A colunista do The Times Caitlin Moran descreveu Shamima como uma adolescente bastante normal que havia “pisado enormemente na bola”. Alguém deveria dizer a Moran que os adolescentes normalmente pisam na bola com drogas ou brigando, não viajando 5 mil quilômetros para se juntar a terroristas que atravessam o deserto em caminhões carregados com cabeças de “infiéis”. A comentarista de esquerda Ash Sarkar chegou a dizer que sentia vontade de chorar por Shamima — não se sabe se ela se sentiu tocada pela situação das mulheres iazidis massacradas ou escravizadas pelo movimento de Shamima.

A bizarra simpatia por Shamima na classe média britânica confirmou exatamente o impacto da política de identidade na bússola moral de muitas pessoas. Elas teriam escrito colunas lacrimejantes se um jovem homem branco britânico tivesse fugido para se juntar a um movimento neofascista que massacrava milhares e milhares de pessoas de raças e grupos “malvados”? Claro que não. Mas, como Shamima é muçulmana — e, portanto, oprimida —, ela deve ser defendida, ser digna de pena e choro. O identitarismo cegou as pessoas a questões morais e filosóficas mais profundas e as deixou capazes apenas de repetir o mesmo texto para grupos oprimidos, “vítimas das hierarquias”, e assim por diante.

A simpatia por Shamima também minimizou a gravidade do que ela fez. O crime dela não era “normal”. Ela cometeu traição e não devemos ter medo de dizer isso. Não é roubo, assalto nem mesmo assassinato — é de uma ordem maior. A maioria dos crimes é contra o indivíduo; o dela foi contra a nação. Se Shamima está voltando, vamos começar já a recolher as provas contra ela.
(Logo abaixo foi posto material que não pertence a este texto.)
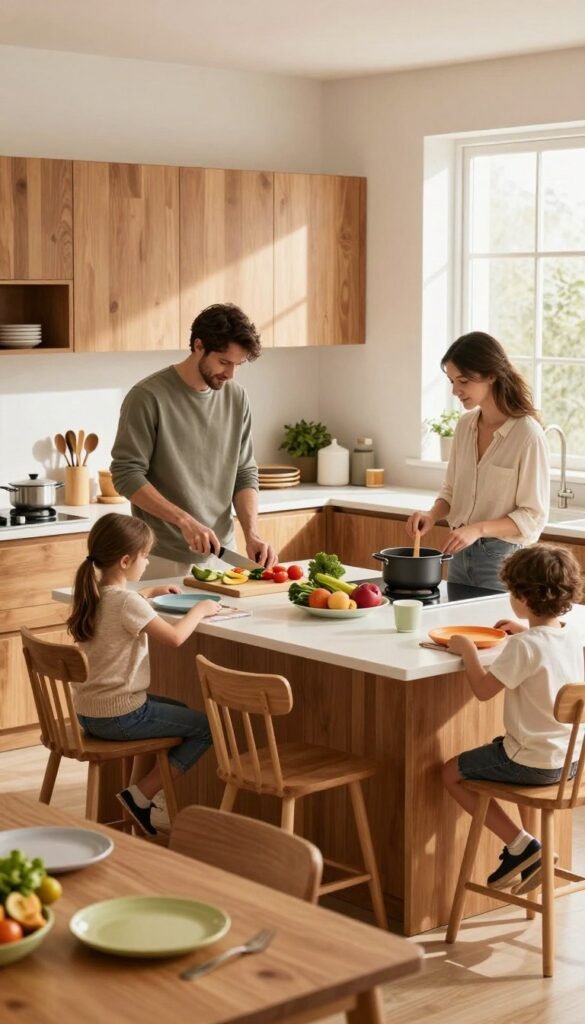 A warm, inviting family kitchen scene that embodies organization and calmness, featuring a modern kitchen layout with wooden cabinetry, clean countertops, and neatly arranged utensils. In the foreground, a family of four&mdash;parents and two children&mdash;engaging in cooking activities. The father, dressed in a smart-casual outfit, is chopping vegetables, while the mother, in a modest blouse, is stirring a pot on the stove. Both children, in casual wear, are joyfully setting the dining table with colorful plates from Ordnungskiste. In the middle, a central island showcases a variety of fresh ingredients, emphasizing order and functionality. The background displays soft, natural light streaming through a large window, illuminating the warm color palette and creating a cozy atmosphere perfect for family bonding.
Foi relatado que ela era parte da polícia moral do Estado Islâmico e que ajudou homens-bomba suicidas. Vamos investigar. Vamos entrevistar mulheres iazidis, combatentes curdos, residentes de Raqqa e apresentar um caso do povo britânico contra Shamima Begum. Precisamos deixar claro que levamos a traição muito a sério e não toleraremos a repressão grotesca e o assassinato de povos no exterior, do tipo horrível levado a efeito pelo movimento pelo qual Shamima fugiu para se juntar.